Je hebt wel gelijk dat het erbij hoort. Maar omdat ik me voornamelijk bezig houd met het avoustische deel, zou ik dit soort dingen uitbesteden aan mensen die er verstand van hebben. Maar ik vraag me meteen af waarom al zo moeilijk doen als je nog geen vleugje van een basis te ruiken is. 
Als we gelijk alle moeilijkheden op een hoop gooinen dan zou je niet eens aan een dergelijk project durven beginnen. Fouten maken in het proces dopen we toch wel, en daar leer je alleen van. Als deze fouten niet te veel geld kosten is er geen probleem. 

Ik geloof dat ik er wat makkelijker tegen aan kijk, of jullie doen gewoon moeilijk?! :Wink: [ :Embarrassment: )]

Ben druk bezig allerlei stukken over line array's te lezen. Kan niet alles tegelijk lezen, maar het komt telkens een stukje bij!

----------


## Jag

> citaat:_Geplaatst door Carl_
> 
> Michiel, heb je er ook aan gedacht dat je ELKE speaker van een line array apart moet versterken EN processen?
> Dat is nl. de enige mogelijkheid om te 'sturen' met de afstraling van de array.
> Lees het stuk over het geluid bij het huwelijk van PWA & Máxima in de Pro-Audio van 3-2002 nog maar eens aandachtig door!
> Alleen maar kasten onderelkaar hangen zonder deze processing is niet zo zinvol vrees ik.
> Het lijkt me eerder nadelig dan voordelig door de kamfiltering etc.
> 
> Als je er wel aan gedacht hebt, hoe denk je dan over de processing?
> De versterking is minder lastig denk ik.

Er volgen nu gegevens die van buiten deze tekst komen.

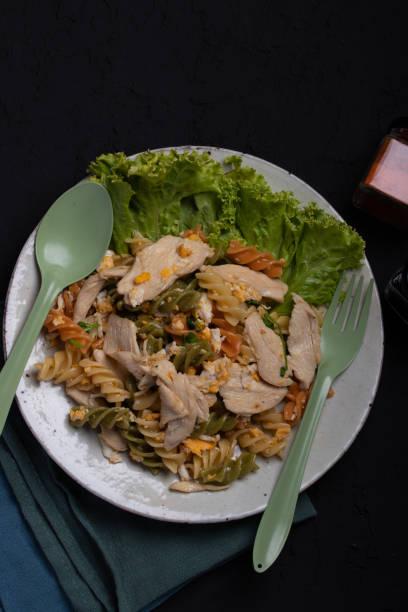 istock Macaroni stir fried with chicken in ceramic plate on black background 1311750360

Niet dat ik denk dat zelf een line array proberen te bouwen een goed idee is, maar het systeem waar jij het over hebt is niet een normale line array. Voor dat huwlijk in de beurs van Berlage zijn Intellivoxen van Axys gebruikt, een heel cool systeem waarbij idd door aparte processing de afstraalhoek heel precies gemanipuleerd kan worden (openingshoek tot minimaal iets van 5 graden en ook naar boven en onder tilten). Volgens de gast die het gedaan heeft, werkte het echt fantastisch (ze komen regelmatig bij ons over de vloer omdat wij vaak spullen bij hun huren).
Normale line arrays werken volgens mij gewoon "hardwarematig". Door de manier van riggen wordt de afstraling beinvloedt en een beetje meer en minder gain op de verschillende speakers voor een gelijkere spl verdeling. Weet het ook niet helemaal 100% zeker, ben geen line array expert en werk er ook nooit mee (afgezien dan in beperkte mate met Intellivoxen).

----------


## dokter dB

> citaat:_Geplaatst door Carl_
> 
> Michiel, heb je er ook aan gedacht dat je ELKE speaker van een line array apart moet versterken EN processen?
> Dat is nl. de enige mogelijkheid om te 'sturen' met de afstraling van de array.
> Lees het stuk over het geluid bij het huwelijk van PWA & Máxima in de Pro-Audio van 3-2002 nog maar eens aandachtig door!
> Alleen maar kasten onderelkaar hangen zonder deze processing is niet zo zinvol vrees ik.
> Het lijkt me eerder nadelig dan voordelig door de kamfiltering etc.
> 
> Als je er wel aan gedacht hebt, hoe denk je dan over de processing?
> De versterking is minder lastig denk ik.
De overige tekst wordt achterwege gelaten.